Me lo decía Abraham el otro día cuando hablábamos de La Comedia. “Era un sitio en el que se podía bailar”. Y esto y no otra cosa era lo que nos gustaba tanto. Sí, Madrid era y es la ciudad de la modernidad. De tantos garitos distintos. De tantos creadores y tanta oferta cultural al alcance de los ojos y de los bolsillos.
Vale. Pero resulta que entras y sales de un bar. Y pruebas en el otro. Y en el siguiente. Y las diferencias están en la decoración de las paredes. En la pinta del portero. O en la profundidad del escote reclamo de la camarera. Pero la música se asemeja demasiado.

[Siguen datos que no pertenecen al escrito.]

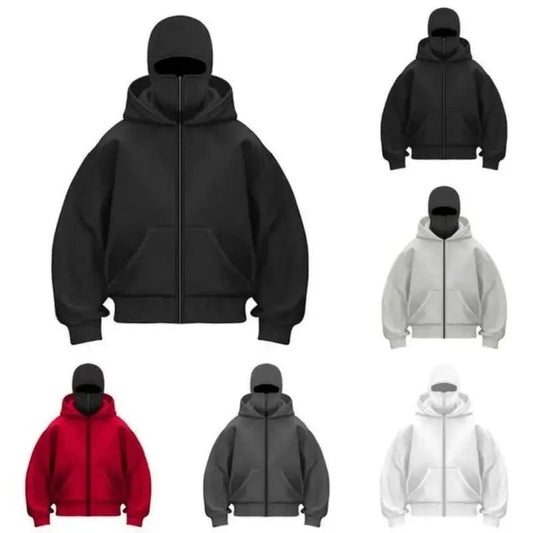 Balaclava Men Zip Hoodie Winter Warm Casual Sweatshirt Y2K with Hooded Face Mask Zipper Design Sports Jacket Outdoor Activities - The Discount Plug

Y cuando encuentras, por fin, un garito que pone música diferente. Bailable. Sí, bailable. Funky, hip-hop, rap, dance sin ser atronadora o sólo para mentes drogadas, resulta que no tiene espacio para bailar.
La Comedia se nos abrió de par en par a nuestros incrédulos oídos y ojos cuando nos ofreció lo que buscábamos. Música negra. Muy negra. Y un pequeño espacio (no creas que había mucho sitio) para bailar.
El suficiente para hacernos hueco. Bueno, incluso tengo que confesar que había noches que el hueco, si no existía, nos lo ganábamos con nuestros bailes. Empezábamos a hacer movimientos a lo James Brown. A menear el cuerpo sin complejos. Y la gente, más tímida por lo general, se hacía a un lado para dejarnos arañar unos centímetros más del espacio.
La noche era nuestra si no teníamos competencia negra. Sí, porque había una liga superior inalcanzable. Algunas noches nos acompañaban algunos colegas negros con los que era imposible competir en la atención de los ojos de ellas. Esos cabrones (dicho sea con todo el aprecio y envidia del mundo) sólo tenían que hacer un leve, un mínimo movimiento de cadera para dejarte completamente desbancado.
Pero nosotros disfrutábamos de la magia. Esa magia que rodea algunas canciones que hacen que en cuanto empiezan a sonar te llenan de una energía positiva alucinante. Que lo único que te apetece hacer es dejarte…. dejarte llevar….. llevar….. y bailar…. bailar…. como si no hubiera nada más.